Et alors, qu’est-ce que je vais faire de ma vie? Il me revient alors l’image du roseau, agile, fragile. À l’aube de la soixantaine, l’énergie est rationnée et les belles journées d’été ne reviendront plus. Le temps est précieux. Tant qu’à s’investir du matin au soir, autant le faire en cochant tous les prérequis d’une rigoureuse grille d’analyse intitulée « CE QUE JE VEUX ».

Ce que je veux : multiplier les rapports humains, faire gicler la créativité, apporter un impact dans ma collectivité. Une petite vingtaine d’heures par semaine, pas plus. Entre la sieste, l’aquarelle et la broderie, l’écriture, la famille et les voyages, le temps s’effrite.
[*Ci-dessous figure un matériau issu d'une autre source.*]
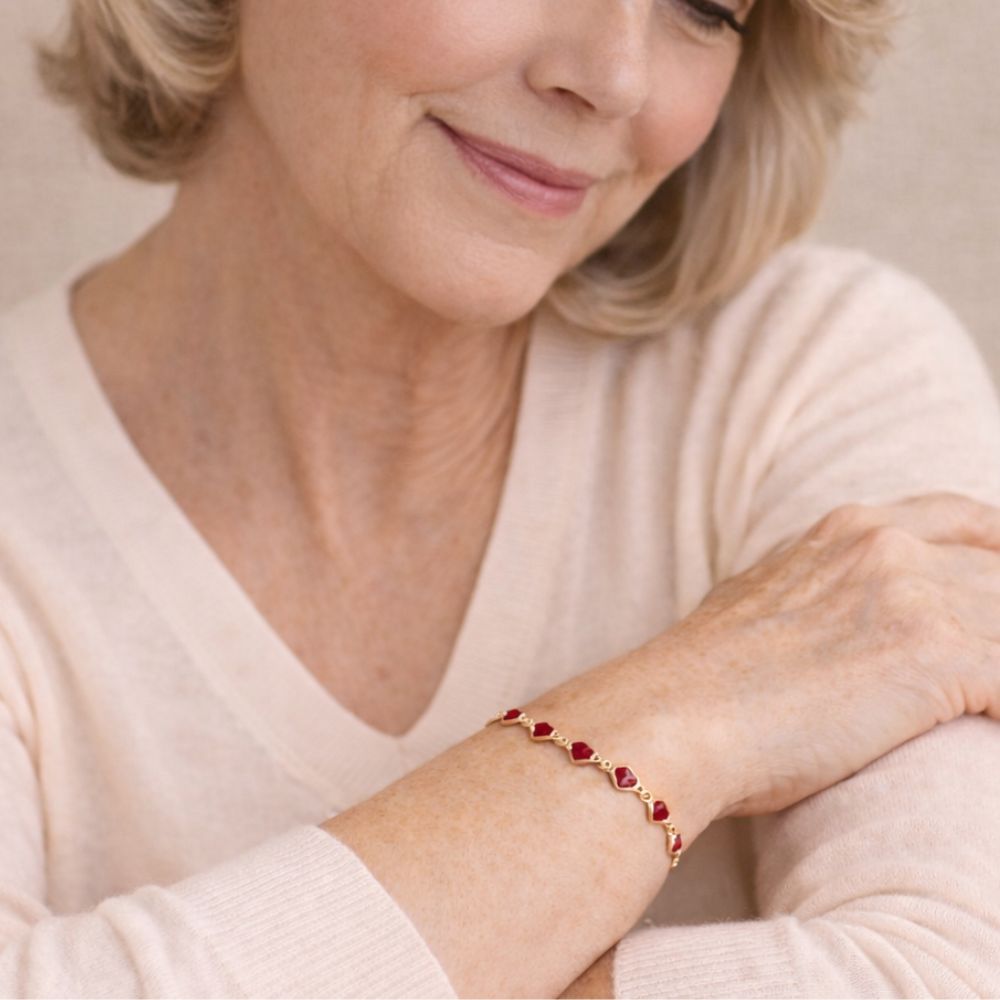 Lucienne Ruby Bracelet — Gold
Rien pour satisfaire les fins de mois dans l’opulence mais juste assez pour ne pas plonger dans la marge. Un salaire qui impose de se poser 36 questions avant de sortir la carte bancaire. Comme dirait l’autre : « En as-tu vraiment besoin? »

95% du temps, la réponse est non.

C’est ma vie, mes choix, mes compromis. Et toi, est-ce qu’il y a de la place pour un rêve ou deux dans ta grille?

Le plus important du « ce-que-je-veux » : je veux durer sans être ce chêne. J’apprends à ployer comme un vaillant roseau.